With all of the sadness and destruction in Japan, and my heart being so poured out over it, I haven't had time to really think about Libya. Oh, and I'm a husband, a dad, a grad student, and an instructor...not much time for anything. Those are excuses for not writing, I know...but it's life.
So what do I think about Libya? Well, first of all, I used to dream about being at war with Tripoli as a boy. It was one of those countries that I just knew I would be a hero against. Maybe that was why I was practically beside myself when we started shooting.
I remember vividly when we went to war with Iraq. Again, I was on shore duty (Thank you Jesus for protecting me!). I watched as an old Gunny, who was a Marine classifier, stared in disbelief and anger at the TV as it showed videos of our tanks moving across the border into Iraq. He was very upset. And it was all because he wanted to be there. He was a warrior...it was only right.

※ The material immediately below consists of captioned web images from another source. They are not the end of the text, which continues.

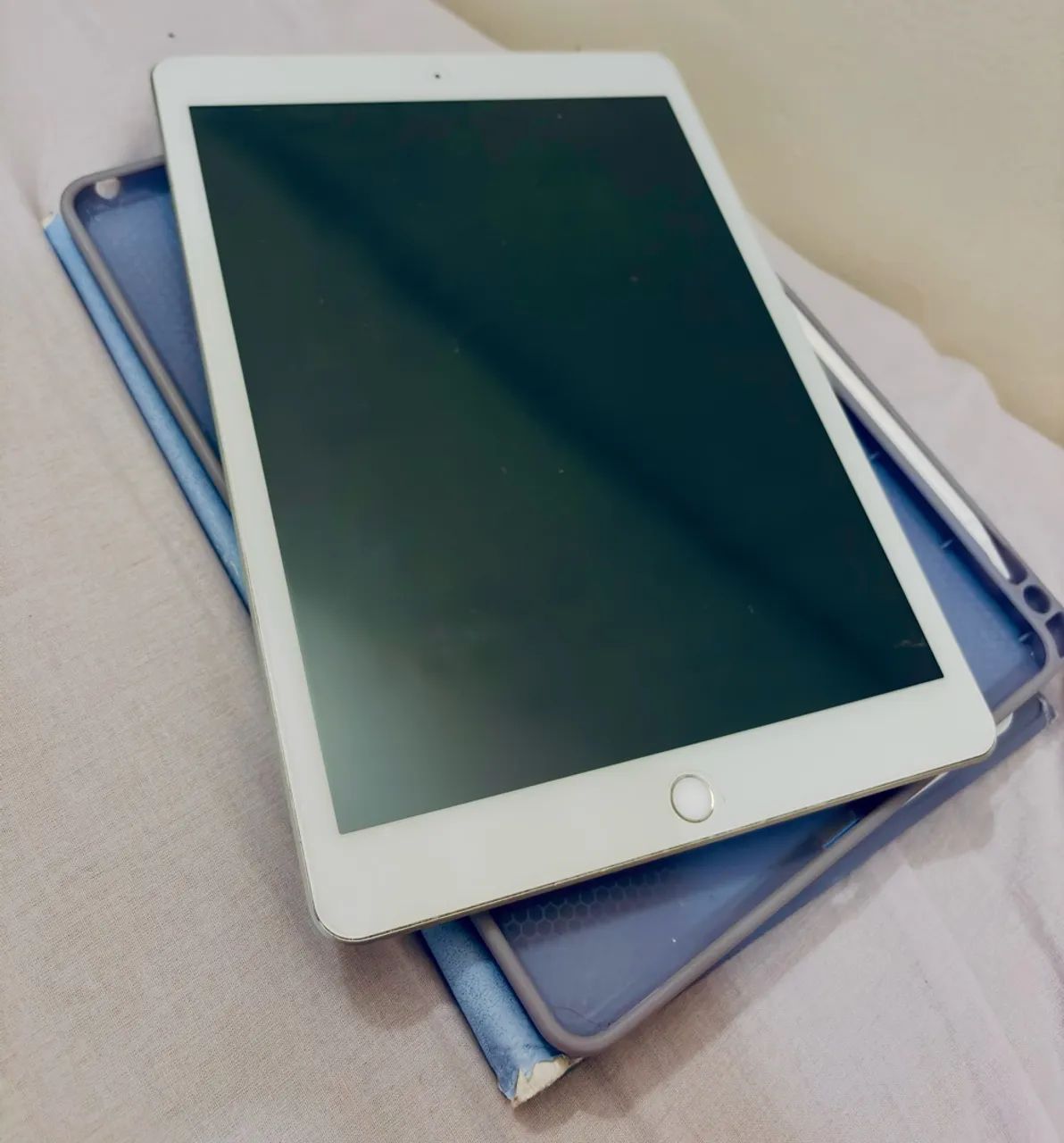 Apple iPad 7 geração 128GB Prata - Foto 2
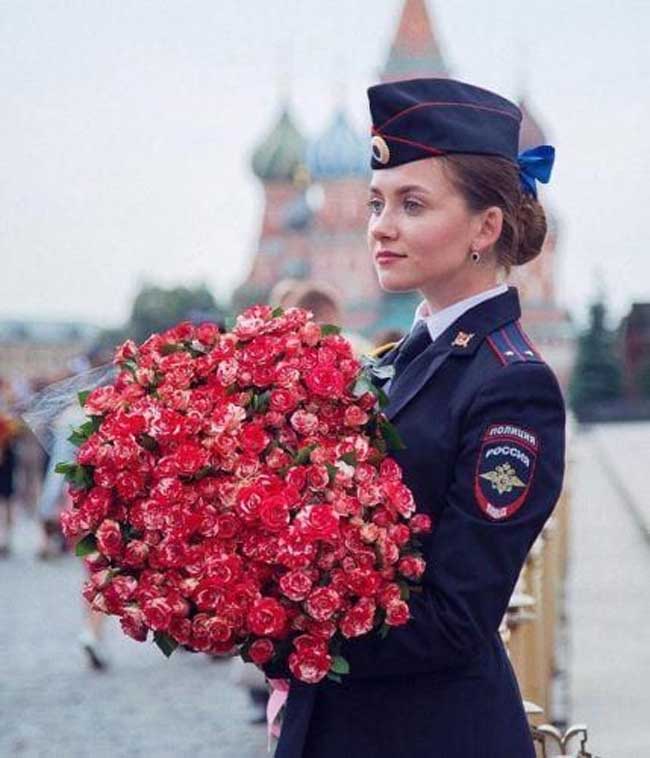 Phụ nữ Nga mặc quân phục đẹp và quyến rũ nhất hành tinh - Hình 18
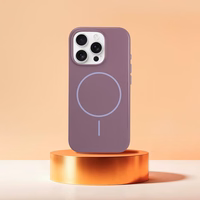 Spīdīgs Magnētiskais vāciņš ar MagSafe iPhone 16 Plus violets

I don't know if I'm a warrior, but I am a sailor, and a true sailor will always be drawn to the sea, to do things that sailors do. When I heard that ships were firing missiles at Libya, I felt sadness and frustration. I've missed yet another shooting match. I've never been on a ship firing in anger. I've escorted carriers which launched planes against foreign powers, and I've spent time off of East Timor and Korea...but never have I been in a shooting match.
I'm not saying that I want to lose my life in some sort of martyr's battle. I'm just saying that I wish I had been over there for the fight. Can any of you old salts understand?